The "bite" I see in Seinfeld but not in Sunny derives from the fact that the former seems to be a spot on parody of classic modern New York urban types, whereas the latter just seems like an endless procession of adorable goofiness, a few "edgy" comments that really aren't that edgy at all, and a comic sensibility that doesn't seem particularly original.
And then there's this: Unless you count The Simpsons, which of course is a cartoon, the side characters in Seinfeld are in a class by themselves. We could sit here for half an hour listing all the Puddys and the Mr. Petermans and the Newmans and the Sids and the Silvios and the Soup Nazis and the Banyas and the Romanian "comedians" and the gay armoire thieves and we'd still leave someone out. It's an endless list. I've never seen any other show (again, not counting The Simpsons) which could even remotely match that, although Curb is getting there. If you leave them out, the show loses nearly everything, and I think that people who don't "get" it, don't "get" it in great part because it takes awhile for these classic side characters to get absorbed in your consciousness. In that sense, Seinfeld is a lot like baseball.
If I go to Paris though, it won't be in the summer.
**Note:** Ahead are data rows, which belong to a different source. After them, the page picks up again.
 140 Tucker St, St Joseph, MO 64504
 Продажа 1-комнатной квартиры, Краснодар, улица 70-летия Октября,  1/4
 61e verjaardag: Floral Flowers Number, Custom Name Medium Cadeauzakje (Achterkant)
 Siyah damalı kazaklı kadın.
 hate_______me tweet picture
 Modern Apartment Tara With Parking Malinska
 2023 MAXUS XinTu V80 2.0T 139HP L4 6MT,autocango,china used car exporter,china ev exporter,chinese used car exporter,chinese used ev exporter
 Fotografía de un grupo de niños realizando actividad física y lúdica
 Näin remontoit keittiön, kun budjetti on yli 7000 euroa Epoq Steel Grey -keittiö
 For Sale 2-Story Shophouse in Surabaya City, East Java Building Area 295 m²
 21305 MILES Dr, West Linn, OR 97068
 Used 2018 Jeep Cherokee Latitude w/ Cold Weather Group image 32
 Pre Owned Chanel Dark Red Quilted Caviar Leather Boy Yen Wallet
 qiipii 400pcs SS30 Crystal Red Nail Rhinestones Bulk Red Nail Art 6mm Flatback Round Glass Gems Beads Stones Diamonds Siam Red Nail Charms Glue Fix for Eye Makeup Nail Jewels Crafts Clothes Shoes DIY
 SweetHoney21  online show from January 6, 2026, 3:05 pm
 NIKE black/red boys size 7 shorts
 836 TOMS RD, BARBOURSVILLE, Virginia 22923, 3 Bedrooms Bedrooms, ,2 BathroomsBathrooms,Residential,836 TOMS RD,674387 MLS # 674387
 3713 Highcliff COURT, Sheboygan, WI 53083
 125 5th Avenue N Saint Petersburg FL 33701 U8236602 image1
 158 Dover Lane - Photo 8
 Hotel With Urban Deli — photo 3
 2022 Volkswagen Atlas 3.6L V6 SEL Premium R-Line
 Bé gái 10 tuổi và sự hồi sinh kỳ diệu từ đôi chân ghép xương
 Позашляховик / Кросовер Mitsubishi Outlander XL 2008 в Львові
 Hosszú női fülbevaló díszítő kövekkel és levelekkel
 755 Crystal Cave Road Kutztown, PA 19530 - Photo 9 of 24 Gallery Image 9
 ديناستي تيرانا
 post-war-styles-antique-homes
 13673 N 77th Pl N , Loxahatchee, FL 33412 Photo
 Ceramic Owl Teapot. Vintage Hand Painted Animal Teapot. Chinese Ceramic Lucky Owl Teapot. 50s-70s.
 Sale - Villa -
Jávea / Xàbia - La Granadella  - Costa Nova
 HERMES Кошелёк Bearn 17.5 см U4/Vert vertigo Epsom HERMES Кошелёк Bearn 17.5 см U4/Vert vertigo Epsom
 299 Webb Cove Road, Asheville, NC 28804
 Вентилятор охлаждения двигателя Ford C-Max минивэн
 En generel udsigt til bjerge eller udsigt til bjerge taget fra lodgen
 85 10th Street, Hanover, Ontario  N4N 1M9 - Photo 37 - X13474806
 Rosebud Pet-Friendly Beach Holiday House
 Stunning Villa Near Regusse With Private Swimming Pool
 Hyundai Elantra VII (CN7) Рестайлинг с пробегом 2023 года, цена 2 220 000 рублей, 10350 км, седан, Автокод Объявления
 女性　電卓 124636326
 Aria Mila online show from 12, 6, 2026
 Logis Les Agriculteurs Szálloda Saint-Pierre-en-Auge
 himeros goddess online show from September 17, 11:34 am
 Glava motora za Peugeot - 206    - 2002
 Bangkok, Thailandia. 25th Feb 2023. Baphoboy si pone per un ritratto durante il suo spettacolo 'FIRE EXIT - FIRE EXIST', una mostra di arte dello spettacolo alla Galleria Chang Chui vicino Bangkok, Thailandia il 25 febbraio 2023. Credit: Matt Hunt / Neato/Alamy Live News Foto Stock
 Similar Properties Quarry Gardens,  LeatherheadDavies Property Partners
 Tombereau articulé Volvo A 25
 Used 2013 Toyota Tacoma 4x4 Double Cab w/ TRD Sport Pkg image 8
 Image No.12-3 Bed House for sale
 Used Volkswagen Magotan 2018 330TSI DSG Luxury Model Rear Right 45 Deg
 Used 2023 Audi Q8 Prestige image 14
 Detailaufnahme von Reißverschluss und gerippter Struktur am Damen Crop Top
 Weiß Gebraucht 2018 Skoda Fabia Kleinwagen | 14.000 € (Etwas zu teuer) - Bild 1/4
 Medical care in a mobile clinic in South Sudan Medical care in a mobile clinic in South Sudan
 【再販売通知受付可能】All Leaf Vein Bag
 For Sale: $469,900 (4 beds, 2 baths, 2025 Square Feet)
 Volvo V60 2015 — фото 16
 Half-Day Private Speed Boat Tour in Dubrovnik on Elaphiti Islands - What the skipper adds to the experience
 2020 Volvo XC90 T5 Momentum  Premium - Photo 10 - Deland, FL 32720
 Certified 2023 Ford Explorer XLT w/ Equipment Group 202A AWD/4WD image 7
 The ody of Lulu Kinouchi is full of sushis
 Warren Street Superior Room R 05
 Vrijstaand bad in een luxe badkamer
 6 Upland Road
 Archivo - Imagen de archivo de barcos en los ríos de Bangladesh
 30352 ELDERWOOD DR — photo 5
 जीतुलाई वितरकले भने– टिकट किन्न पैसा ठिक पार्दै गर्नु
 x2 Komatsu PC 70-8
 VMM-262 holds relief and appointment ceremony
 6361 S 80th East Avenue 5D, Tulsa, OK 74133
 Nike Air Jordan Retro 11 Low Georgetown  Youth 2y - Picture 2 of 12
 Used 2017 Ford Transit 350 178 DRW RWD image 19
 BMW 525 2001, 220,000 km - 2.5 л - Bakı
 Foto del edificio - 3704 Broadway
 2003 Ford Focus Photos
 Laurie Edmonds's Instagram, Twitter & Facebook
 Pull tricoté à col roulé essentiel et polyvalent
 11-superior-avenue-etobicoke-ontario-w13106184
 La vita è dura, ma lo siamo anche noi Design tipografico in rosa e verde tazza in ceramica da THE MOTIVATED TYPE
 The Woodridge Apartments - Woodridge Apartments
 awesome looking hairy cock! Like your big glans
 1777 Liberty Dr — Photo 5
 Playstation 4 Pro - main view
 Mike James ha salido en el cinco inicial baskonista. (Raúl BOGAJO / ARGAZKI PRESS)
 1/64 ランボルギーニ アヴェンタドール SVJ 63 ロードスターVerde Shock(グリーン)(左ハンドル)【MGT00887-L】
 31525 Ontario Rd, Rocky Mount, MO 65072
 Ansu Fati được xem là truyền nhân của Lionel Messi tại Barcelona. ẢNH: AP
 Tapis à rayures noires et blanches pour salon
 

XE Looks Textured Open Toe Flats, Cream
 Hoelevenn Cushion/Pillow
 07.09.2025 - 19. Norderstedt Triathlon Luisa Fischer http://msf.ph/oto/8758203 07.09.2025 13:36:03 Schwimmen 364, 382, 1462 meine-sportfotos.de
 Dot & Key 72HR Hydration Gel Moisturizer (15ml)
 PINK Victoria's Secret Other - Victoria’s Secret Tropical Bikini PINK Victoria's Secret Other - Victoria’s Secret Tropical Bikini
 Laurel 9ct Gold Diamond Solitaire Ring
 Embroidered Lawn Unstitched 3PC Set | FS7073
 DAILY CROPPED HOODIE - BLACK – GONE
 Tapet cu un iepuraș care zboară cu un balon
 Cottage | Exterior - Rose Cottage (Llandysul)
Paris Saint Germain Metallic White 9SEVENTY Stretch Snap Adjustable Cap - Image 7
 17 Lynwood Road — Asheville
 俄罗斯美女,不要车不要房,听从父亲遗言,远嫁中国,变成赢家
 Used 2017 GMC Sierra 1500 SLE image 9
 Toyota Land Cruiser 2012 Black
Anyone I know that has been there has complained about the overwhelming stench of dog #### and human piss.
The only remotely large cities I've been in are Denver, LA, Vegas, Montreal, Ottawa, Boston and Toronto. Denver was pretty cool, but I could care less if I ever set foot in LA or Vegas again.
I actually agree with this. "Ha ha look how awful" all the time just isn't that funny to me either.
You mean India, at the Oval? Great show, but 12 episodes is too small a sample size.